Questione dibattuta in tema di facoltatività riguarda il contenuto di tale valutazione: una visione parla solo dell'aumento della pena ritenendo il riconoscimento della recidiva come obbligatorio, mentre la tesi contraria propende per la discrezionalità del giudice in quest'ultima operazione.

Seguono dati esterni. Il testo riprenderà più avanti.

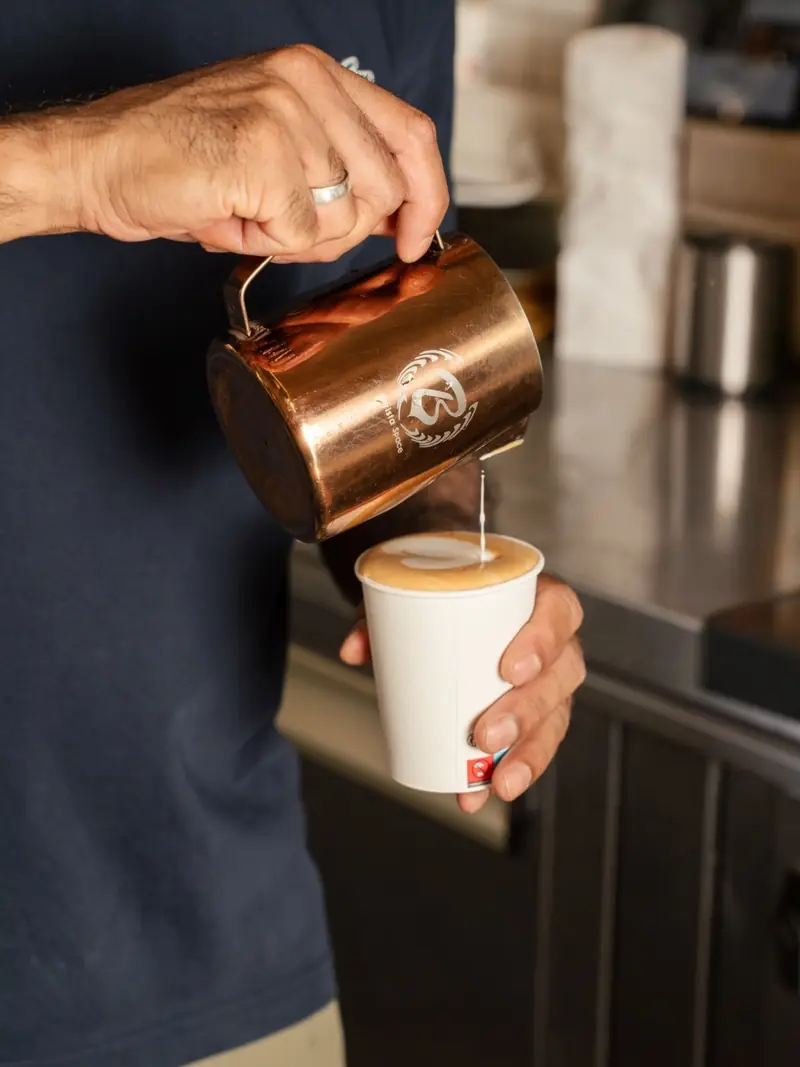 Un barista verse le lait dans un café à emporter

La seconda tesi è da ritenere la più coerente col sistema come disegnato dal legislatore, oltre che quella seguita dalla giurisprudenza maggioritaria27.

Un'altra innovazione del 1974 è stata l'inserimento all'interno del giudizio di bilanciamento ex art. 69 comma 4 c.p. della recidiva, sulla base del richiamo di cui all'art. 70 comma 2 c.p.. Tale novità ha pesantemente colpito i sostenitori della natura non circostanziale dell'istituto in questione, con avallo pressochè unanime della giurisprudenza.

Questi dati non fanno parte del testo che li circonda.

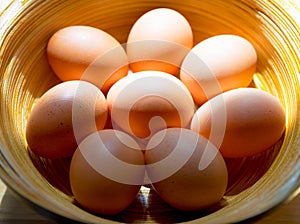 Chicken eggs in bamboo basket.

Il giudizio di bilanciamento che attiene al momento commisurativo della pena28 rappresenta uno degli istituti processuali che maggiormente abbisognano di una rivisitazione da parte del legislatore. La struttura attuale porta a delle storture applicative notevoli, di cui lo stesso legislatore ha preso atto nel 2005 predisponendo dei limiti di prevalenza in taluni casi proprio in tema di recidiva ex art. 99 comma 4 c.p..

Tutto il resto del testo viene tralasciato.